I have a real problem with science sometimes. Or is it the scientific approach? I’m not a Trumpist; I don’t believe in alternative facts, I believe in evidence-based decisions and policy, but I have a problem with what is deemed evidence. There’s a snobbery in science, it is rooted after all in a history dominated by men. Anything which doesn’t have carefully formulated methodology is deemed invalid – I’m not talking a validity of crank ideas or a culture of anything-goes, I’m talking about the acceptance of a historical or cultural knowledge.
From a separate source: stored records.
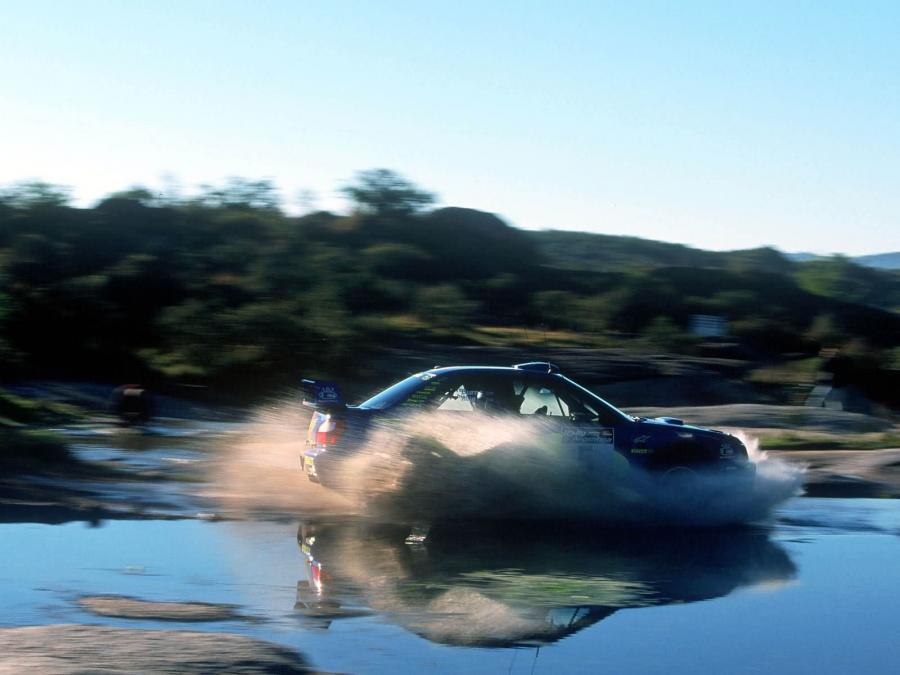  Subaru Impreza WRC 2001 года  (фото 201 из 332)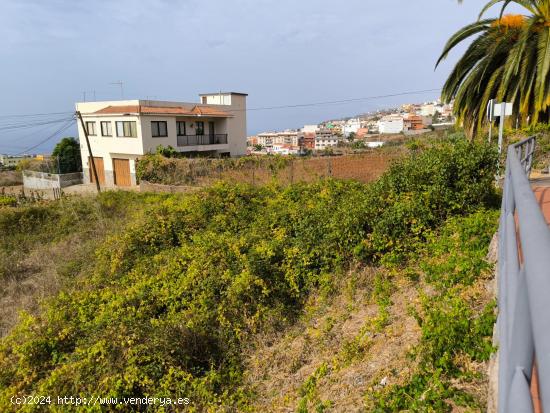 PARCELA URBANA - SANTA CRUZ DE TENERIFE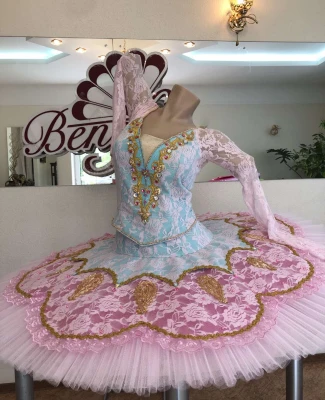 Costum de scena - Zahăr prun F 0239B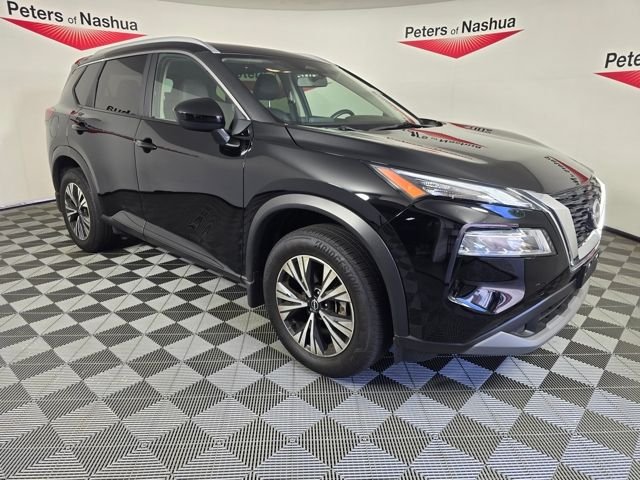 Used 2023 Super Black Nissan SV image 1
So I approached Anthony Costello’s talk at the Swindon Festival of Literature 2021 with some resistance. His book, The Social Edge, delves into the power of sympathy groups. On the one hand, the facts and figures were extremely interesting and he has awe-inspiring experience as the director of maternal, child and adolescent health at the World Health Organisation amongst many lauded positions; on the other I felt that society already has the answers, it’s just that it’s women who have had them all along.

And what is a sympathy group?

The sympathy group was formally identified by Robin Dunbar, a British anthropologist. Robin observed a ‘tripling hierarchy’ of human groupings – family, sympathy group, affinity band and then active network. You may have heard of the ‘active network’ magic number of 150 – the maximum amount of people in a community one human can cope with – ‘your Christmas card list’? The sympathy group of 15 or so people is one step beyond the immediate family, brought together by shared goals and trust, typically spending a lot of time together to get stuff done. Anthony’s examples include coffee house culture from the eighteenth century as an ‘engine of debate’, a theatre company (such as the Festival’s own Farm Yard Circus), the core group behind Apple, a government cabinet and advisers, the suffragettes.